Actually it gave the Last Steep an 8-0 lead in the bottom of the first inning and allowed Heal’s family to head elsewhere and get out of the rain.
Yarborough pushed in two more runs in his second trip to the plate of the inning with a triple and the Last Steep was comfortably on top 14-0 at the close of the first inning.
Fisher led off the top of the second inning with a stand-up triple and scored on a sacrifice hit from Hannah Godwin to give the Black Holes a run.
But a run still left the Black Holes 13 runs shy of a tie and the Last Steep continued on its tirade in the bottom of the second inning to go up 17-1.
The Black Holes scored two more runs in the top of the third inning as Josh Egedy and Paul Holder tapped base hits and Eric Dishman pushed them in with a line drive.
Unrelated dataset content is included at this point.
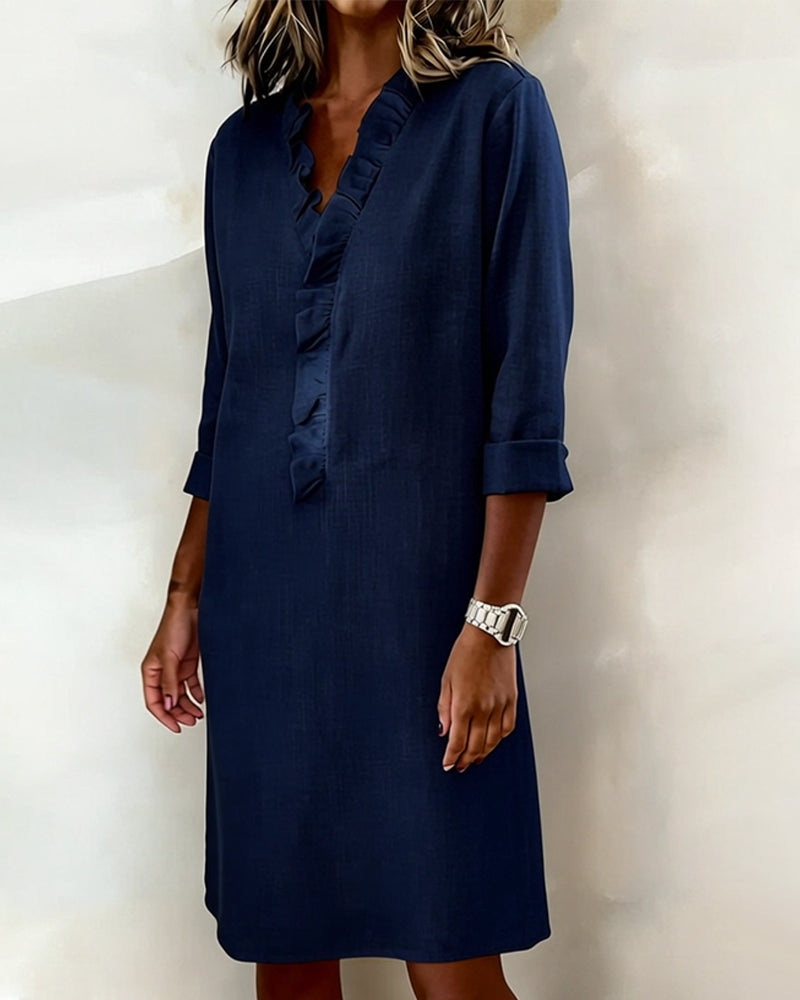 Vestido Sólido con Volantes y Cuello en V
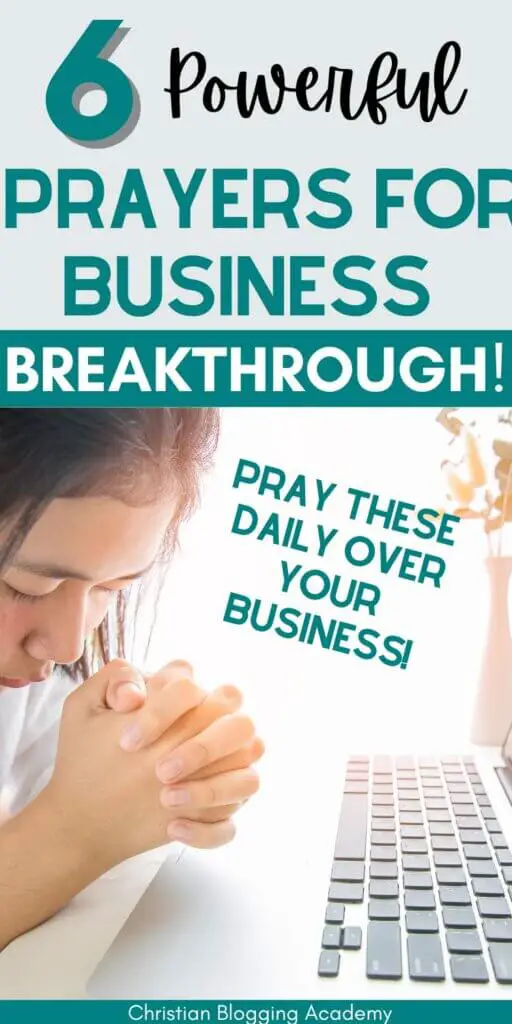  Start Your Week Right: Powerful Prayers for Business Breakthrough in teal and white letters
An opposite field RBI double by Rose Reyes gave the Last Steep a 21-3 lead in the bottom of the fourth inning, at which point the game just got ugly, or uglier.
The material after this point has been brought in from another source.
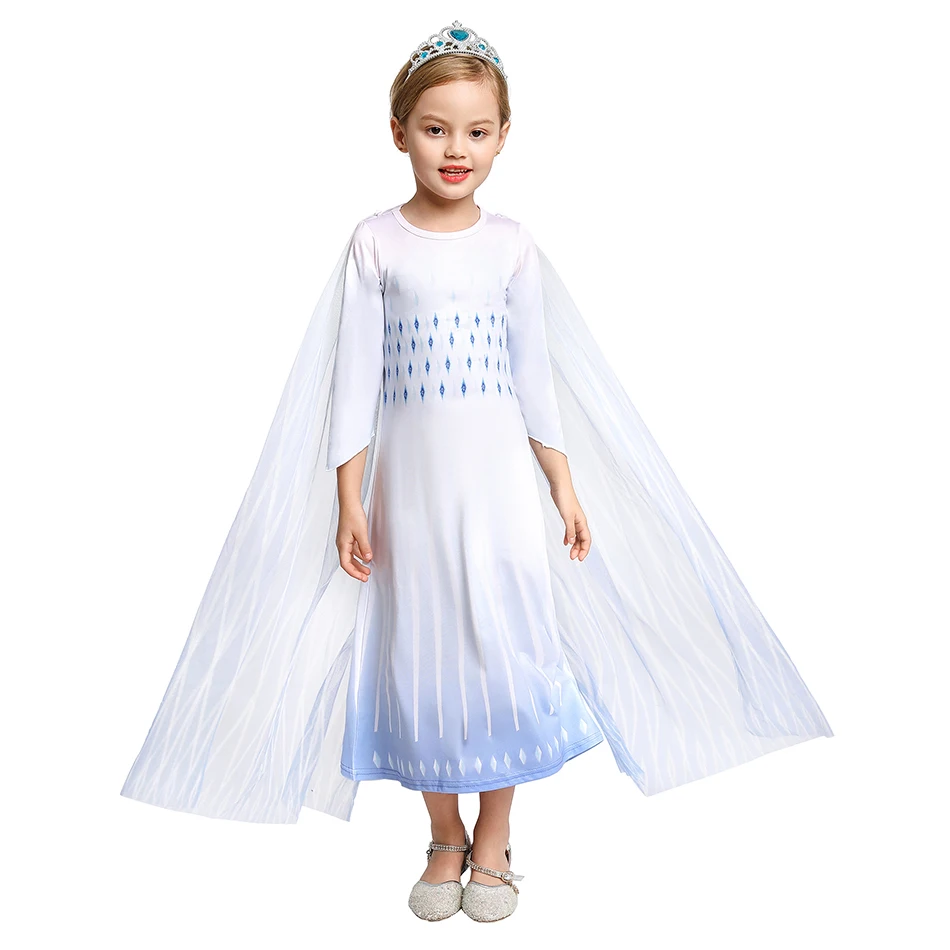 

Elsa 2 White Princess Dress Snow Queen Cosplay Costume Christmas Halloween Girl Long Dress with Clock Birthday Gift Party Clothi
Heal tagged a solo home run to lead off in the bottom of the fifth inning and Michael Blunck drained a three-run shot to straightaway center.
Plays on defense by Holder, Egedy and Gracie Coburn proved that no matter what the score, the Black Holes would not give in, so the Last Steep persisted to hammer away at them.
It got downright cruel in the bottom of the sixth inning when Blunck, Schumacher and Yarborough all connected for inside the park home runs to score eight more runs, closing the 35-3 win for the Last Steep.